Current dialogue systems can handle friendly and collaborative communication that supports diverse types of interactions, such as menus in which the user is asked to choose an option, form filling in which the user is asked for specific information, commands for expressing users' orders, and complex questions that can even reference previously evoked entities. Consequently, dialogue systems seem to be useful for accessing different types of applications. In particular, spoken dialogue systems are appropriate for devices that do not allow web browsing, such as telephones, or the use of hands, such as vehicle GPS.
Practical dialogue systems are mostly adapted to the functionality of the specific application they access, specially those incorporating speech, since voice technology still presents recognition problems in open domains. Because the adaptation of those DS to new applications is expensive and has to be done by experts, many studies have focused on the problem of developing dialogue systems that can be used for different applications and languages. Most relevant of those systems use domain and dialogue models, and have reusable domain-independent components. However the cost of adapting those systems to other types of applications is still high, specially in mixed-initiative systems, in which the dialogue initiative can be taken either by the user or the system. The work in this thesis is particularly concerned with dialogue systems for guiding the user to access web services. The huge amount of web information increase the need of communication systems adaptable to different types of users, languages, services and channels. For this reason, dialogue systems can improve the usability and accessibility of web contents.
We have developed a multilingual mixed-initiative dialogue system for guiding the user when accessing web contents. To facilitate the adaptation of the dialogue system to new services and languages, the main functions of the system (language processing, dialogue control and task management) is performed by independent modules). The dialogue system developed consist of four independent general modules (Language Understanding, Language Generator, Dialogue Manager and Task Manager) as well as two knowledge structure accessible by all these modules (dialogue context and domain description). Application and language-dependent resources are incorporated in separated data structures. In order to minimize the need for application and language-restricted data we propose the use of separated general bases for representing linguistic, application and domain knowledge.
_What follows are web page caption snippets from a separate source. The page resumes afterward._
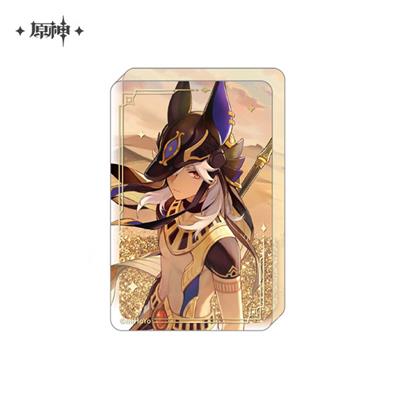 Genshin Impact - Akrylprydnad med Glitter / Quicksand-effekt - Cyno - 55x85mm Sakami Merchandise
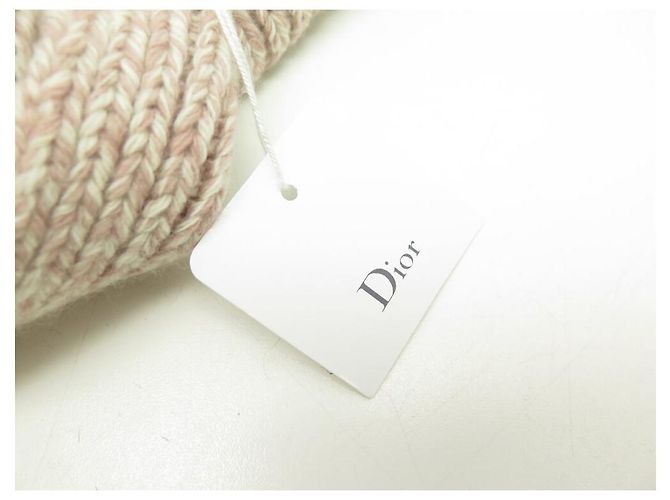 NUOVA SCARF CHRISTIAN DIOR D-WHITE 05DWI314I007 IN LANA E CACHEMIRE Rosa - vista 9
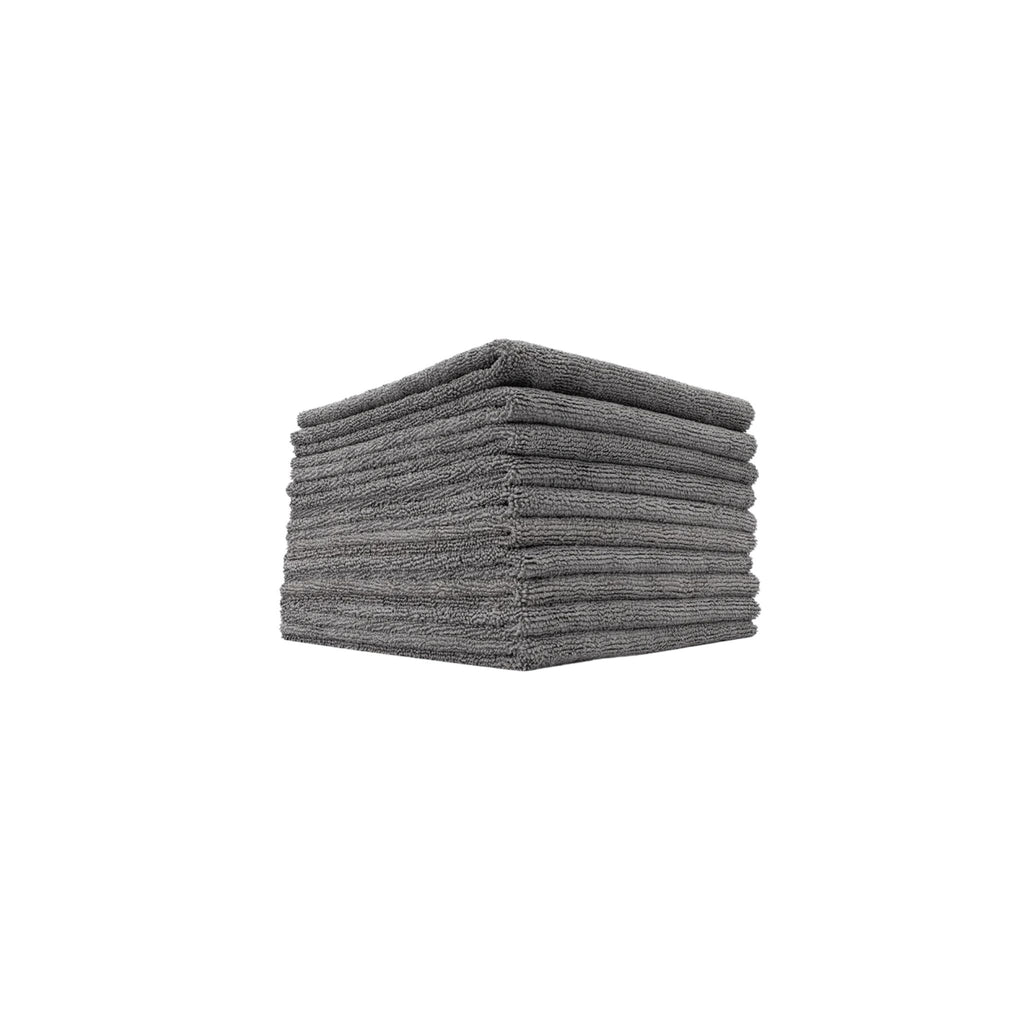 The Rag Company Edgeless 365 microfiber towel for polishing, buffing, and streak-free detailing on paint and glass.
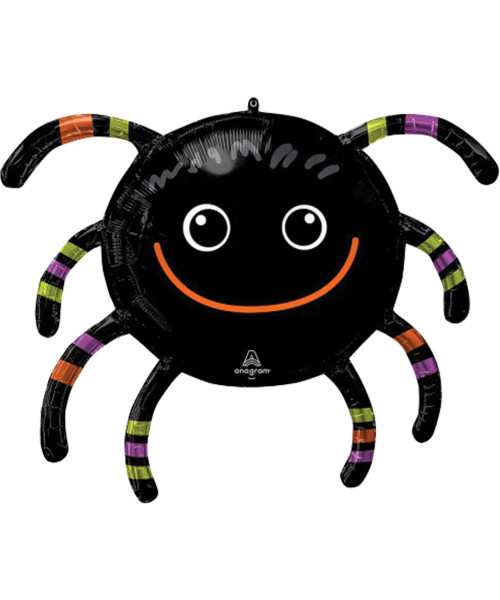 [Spooky Halloween] Smiley Spider Foil Balloon (28inch)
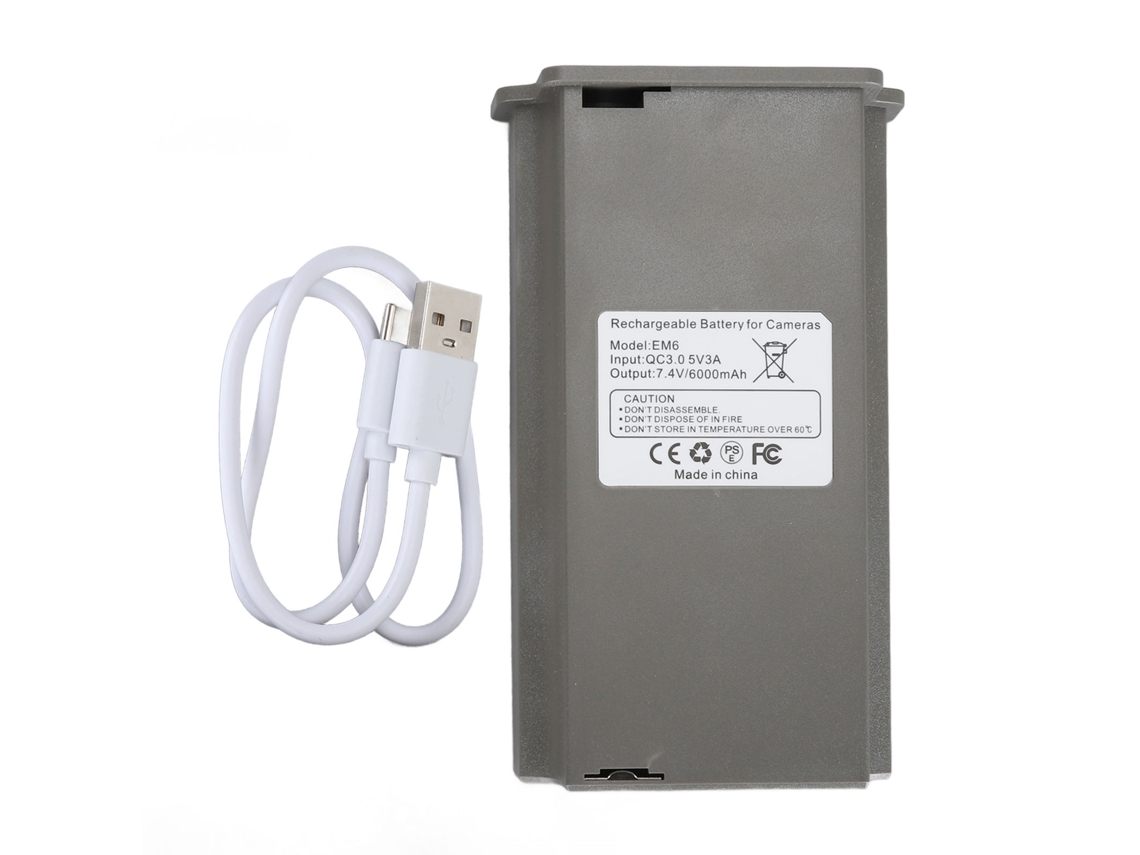 Batería Recargable De 6000 Mah Para Cámaras De Caza Reveal Trail X Gen 2.0 Xx Pro Xb Sk Con Indicador De Carga Gris.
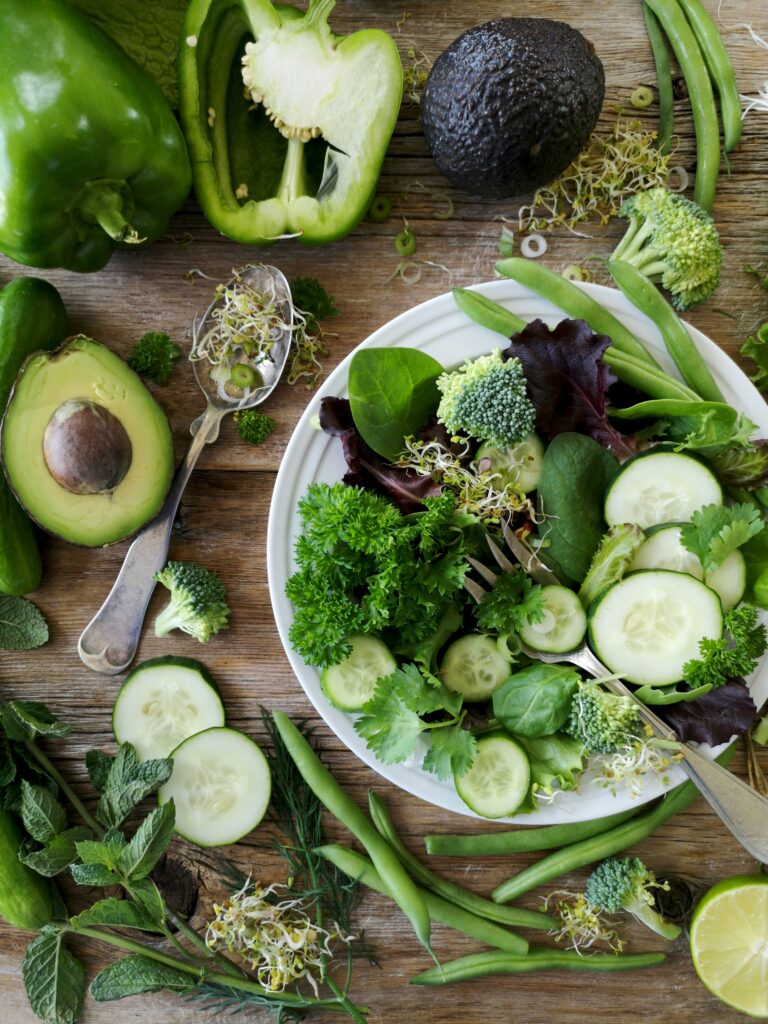 Anti-inflammatory green vegetables and avocado for bloodwork longevity nutrition — Longevity Kitchen Lisbon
In order to achieve a friendly communication, the dialogue management module follows a formal dialogue model, based on the information state model, that uses of a rich representation of the dialogue context. The dialogue manager modules also incorporates an independent submodule to adapt the dialogue strategies, according to how well the communication is progressing. This component uses a conversation model (obtained from a previously analysed corpus of dialogues) to determine the degree of the system initiative in the next intervention considering several features on how well the conversation is doing.